Larger prospective randomized studies are needed in children to demonstrate that mortality and morbidity can be reduced in high-risk hemorrhagic surgery when point-of-care viscoelastic methods are used to guide transfusion. Emergency surgery is an independent risk factor for morbidity, urgent interventions should be realized during emergency periods, and non-urgent operations realized electively. One study showed that complications are higher in emergency surgery than in elective surgery [16].
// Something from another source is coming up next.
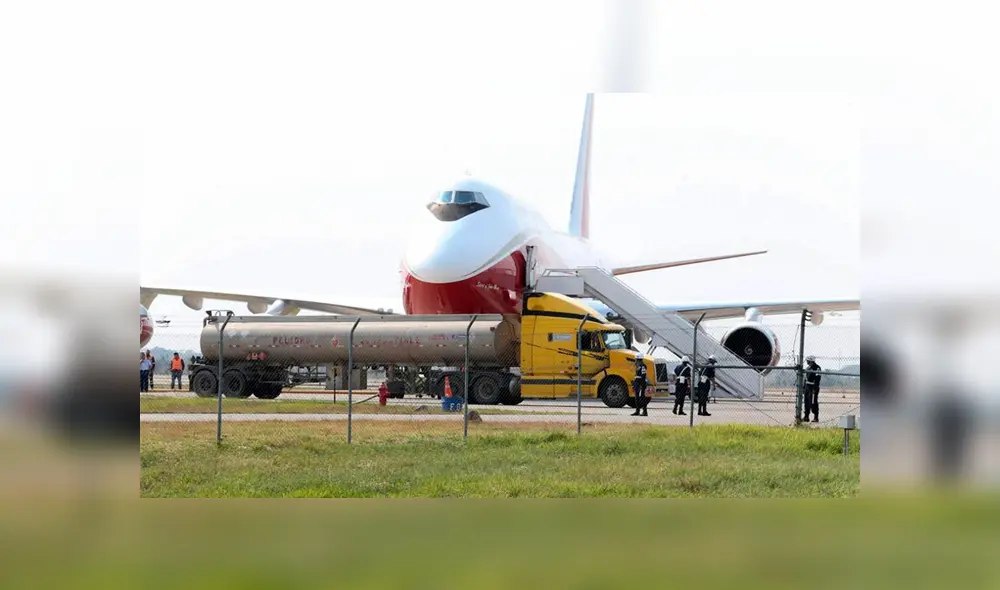 Boeing 747 SuperTanker llega a Bolivia para combatir los incendios forestales en Santa Cruz.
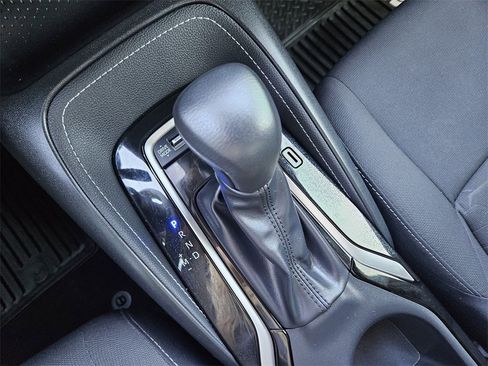 Used 2025 Toyota Corolla SE image 19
Age is also an independent factor for morbidity. A recent prospective multicenter study reported the importance for the management of pediatric patients under a certain age in specialized centers, the importance of a good training, and supervision environment [17]. Our survey analyzed transfusion and morbidity factors in critically ill pediatric patients in abdominal surgery. Not all morbidity risk factors were analyzed in our study but only some of those factors which were accessible and thus analyzable. Identifying morbidity factor is one of the first steps toward patient outcome improvement. Once these factors are identified, preventive measures can be applied.

Our study had limits, it was retrospective, monocenter, and some data concerning factors which could influence outcome was missing. Larger prospective randomized studies are needed to complete retrospective surveys to have recommendations to improve post-operative patient outcome in the pediatric population.